▸ Problem details
In the records that follow, the lines from the one containing "COUNTRY LAKES - Residential" to the one containing "bontott MAZDA 323", inclusive, are to be given again exactly.

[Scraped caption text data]
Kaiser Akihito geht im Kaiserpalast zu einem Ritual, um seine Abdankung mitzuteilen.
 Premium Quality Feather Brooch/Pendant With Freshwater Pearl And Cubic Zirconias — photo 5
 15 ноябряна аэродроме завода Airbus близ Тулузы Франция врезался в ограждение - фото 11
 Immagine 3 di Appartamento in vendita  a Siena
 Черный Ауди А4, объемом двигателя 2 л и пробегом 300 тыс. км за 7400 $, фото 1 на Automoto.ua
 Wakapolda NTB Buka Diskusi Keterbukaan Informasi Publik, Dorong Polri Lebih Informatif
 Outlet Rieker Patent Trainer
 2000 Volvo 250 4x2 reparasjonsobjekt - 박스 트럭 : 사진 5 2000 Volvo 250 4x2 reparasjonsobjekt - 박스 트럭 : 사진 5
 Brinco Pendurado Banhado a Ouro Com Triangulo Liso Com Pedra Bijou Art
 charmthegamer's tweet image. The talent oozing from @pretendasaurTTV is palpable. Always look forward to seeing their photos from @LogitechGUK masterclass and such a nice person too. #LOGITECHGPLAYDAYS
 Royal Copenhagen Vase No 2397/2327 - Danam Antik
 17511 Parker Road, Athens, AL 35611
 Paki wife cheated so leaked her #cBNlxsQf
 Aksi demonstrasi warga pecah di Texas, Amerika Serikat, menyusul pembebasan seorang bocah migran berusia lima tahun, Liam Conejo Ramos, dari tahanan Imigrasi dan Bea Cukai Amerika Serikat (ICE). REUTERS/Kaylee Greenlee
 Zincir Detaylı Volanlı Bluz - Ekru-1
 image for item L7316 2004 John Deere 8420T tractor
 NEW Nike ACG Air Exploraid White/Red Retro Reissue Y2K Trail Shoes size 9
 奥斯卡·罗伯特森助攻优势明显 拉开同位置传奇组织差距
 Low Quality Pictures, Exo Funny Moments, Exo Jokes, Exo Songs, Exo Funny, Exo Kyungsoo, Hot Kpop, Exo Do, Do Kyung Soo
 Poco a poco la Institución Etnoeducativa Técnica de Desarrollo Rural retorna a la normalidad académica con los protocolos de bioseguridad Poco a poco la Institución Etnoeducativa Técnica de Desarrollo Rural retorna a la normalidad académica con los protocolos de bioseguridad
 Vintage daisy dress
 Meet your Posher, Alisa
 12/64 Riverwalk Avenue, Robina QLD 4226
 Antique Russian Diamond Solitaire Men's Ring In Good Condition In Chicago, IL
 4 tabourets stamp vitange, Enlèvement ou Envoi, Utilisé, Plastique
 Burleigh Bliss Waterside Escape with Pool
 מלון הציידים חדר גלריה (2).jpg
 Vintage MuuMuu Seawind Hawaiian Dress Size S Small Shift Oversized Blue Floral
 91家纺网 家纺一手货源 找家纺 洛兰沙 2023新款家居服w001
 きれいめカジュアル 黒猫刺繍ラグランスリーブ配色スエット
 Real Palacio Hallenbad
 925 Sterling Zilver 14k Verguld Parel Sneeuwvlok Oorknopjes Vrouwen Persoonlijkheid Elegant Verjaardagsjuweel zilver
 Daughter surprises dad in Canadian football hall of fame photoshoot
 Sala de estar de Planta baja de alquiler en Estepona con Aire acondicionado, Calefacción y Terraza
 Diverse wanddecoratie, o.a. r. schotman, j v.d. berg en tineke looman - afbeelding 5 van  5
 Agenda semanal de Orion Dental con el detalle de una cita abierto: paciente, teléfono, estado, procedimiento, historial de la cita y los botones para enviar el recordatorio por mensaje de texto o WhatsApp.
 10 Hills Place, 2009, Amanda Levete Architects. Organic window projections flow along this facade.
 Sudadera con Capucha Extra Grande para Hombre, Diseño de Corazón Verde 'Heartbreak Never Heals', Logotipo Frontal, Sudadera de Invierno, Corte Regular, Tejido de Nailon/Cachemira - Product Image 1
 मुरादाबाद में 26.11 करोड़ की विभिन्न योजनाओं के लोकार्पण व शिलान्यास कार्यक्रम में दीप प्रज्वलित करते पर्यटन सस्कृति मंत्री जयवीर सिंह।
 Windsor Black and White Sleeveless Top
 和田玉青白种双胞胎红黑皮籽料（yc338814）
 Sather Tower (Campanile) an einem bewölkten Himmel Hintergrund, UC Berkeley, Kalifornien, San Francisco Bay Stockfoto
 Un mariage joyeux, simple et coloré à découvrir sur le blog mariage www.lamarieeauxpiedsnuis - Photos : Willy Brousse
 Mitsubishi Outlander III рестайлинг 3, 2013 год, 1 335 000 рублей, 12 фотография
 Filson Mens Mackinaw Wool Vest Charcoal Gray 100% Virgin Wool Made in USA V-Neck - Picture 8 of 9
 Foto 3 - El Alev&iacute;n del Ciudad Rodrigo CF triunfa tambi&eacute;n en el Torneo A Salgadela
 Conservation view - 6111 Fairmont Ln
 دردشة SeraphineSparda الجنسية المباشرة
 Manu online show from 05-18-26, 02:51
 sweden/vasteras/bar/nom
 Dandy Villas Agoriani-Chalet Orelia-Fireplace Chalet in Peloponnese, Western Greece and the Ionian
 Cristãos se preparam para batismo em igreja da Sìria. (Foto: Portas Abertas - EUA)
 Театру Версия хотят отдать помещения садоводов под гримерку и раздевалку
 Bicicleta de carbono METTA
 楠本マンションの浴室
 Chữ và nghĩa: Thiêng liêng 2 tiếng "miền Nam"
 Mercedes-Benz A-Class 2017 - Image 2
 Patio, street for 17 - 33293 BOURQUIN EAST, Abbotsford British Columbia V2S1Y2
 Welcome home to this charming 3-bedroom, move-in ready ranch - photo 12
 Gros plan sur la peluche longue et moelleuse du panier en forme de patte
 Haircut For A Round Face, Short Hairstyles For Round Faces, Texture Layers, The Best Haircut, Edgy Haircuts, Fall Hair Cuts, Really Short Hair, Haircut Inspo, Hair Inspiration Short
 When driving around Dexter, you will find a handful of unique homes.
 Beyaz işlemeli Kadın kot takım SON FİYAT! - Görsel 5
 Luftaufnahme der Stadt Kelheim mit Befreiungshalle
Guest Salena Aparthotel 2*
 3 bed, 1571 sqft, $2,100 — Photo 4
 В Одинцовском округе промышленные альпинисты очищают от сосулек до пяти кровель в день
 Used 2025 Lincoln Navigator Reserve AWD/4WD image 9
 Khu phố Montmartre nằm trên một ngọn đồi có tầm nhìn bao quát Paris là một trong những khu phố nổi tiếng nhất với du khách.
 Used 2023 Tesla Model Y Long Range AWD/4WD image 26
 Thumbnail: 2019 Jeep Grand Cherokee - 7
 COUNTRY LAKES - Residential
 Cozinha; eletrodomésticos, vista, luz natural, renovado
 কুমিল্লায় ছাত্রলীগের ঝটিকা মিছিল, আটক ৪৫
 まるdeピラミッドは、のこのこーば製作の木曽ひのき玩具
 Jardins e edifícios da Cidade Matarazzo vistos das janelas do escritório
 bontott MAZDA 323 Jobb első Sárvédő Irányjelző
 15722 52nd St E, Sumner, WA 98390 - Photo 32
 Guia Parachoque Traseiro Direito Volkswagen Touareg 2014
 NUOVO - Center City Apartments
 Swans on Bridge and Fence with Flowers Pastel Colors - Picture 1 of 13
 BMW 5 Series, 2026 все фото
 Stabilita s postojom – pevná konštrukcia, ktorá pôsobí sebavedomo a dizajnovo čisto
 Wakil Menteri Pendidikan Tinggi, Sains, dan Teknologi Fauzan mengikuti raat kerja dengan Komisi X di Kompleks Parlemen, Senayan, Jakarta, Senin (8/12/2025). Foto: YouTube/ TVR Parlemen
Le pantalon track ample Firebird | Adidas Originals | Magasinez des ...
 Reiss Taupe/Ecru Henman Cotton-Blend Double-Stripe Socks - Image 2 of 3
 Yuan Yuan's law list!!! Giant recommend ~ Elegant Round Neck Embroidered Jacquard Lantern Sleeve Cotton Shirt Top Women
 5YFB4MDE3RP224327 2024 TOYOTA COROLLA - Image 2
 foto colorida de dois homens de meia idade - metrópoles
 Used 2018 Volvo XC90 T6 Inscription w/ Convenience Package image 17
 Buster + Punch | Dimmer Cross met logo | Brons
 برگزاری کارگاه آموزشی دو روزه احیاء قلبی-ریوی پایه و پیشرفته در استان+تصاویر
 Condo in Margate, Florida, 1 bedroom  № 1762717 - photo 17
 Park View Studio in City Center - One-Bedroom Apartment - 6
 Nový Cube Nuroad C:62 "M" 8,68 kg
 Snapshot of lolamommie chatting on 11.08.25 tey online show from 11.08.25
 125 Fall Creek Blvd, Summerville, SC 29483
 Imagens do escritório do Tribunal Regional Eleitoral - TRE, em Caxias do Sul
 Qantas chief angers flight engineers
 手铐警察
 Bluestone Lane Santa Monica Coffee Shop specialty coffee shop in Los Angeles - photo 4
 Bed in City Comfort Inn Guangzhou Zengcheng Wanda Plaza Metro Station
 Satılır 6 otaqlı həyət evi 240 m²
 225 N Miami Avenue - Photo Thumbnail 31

▸ Solution to the exercise
 COUNTRY LAKES - Residential
 Cozinha; eletrodomésticos, vista, luz natural, renovado
 কুমিল্লায় ছাত্রলীগের ঝটিকা মিছিল, আটক ৪৫
 まるdeピラミッドは、のこのこーば製作の木曽ひのき玩具
 Jardins e edifícios da Cidade Matarazzo vistos das janelas do escritório
 bontott MAZDA 323 Jobb első Sárvédő Irányjelző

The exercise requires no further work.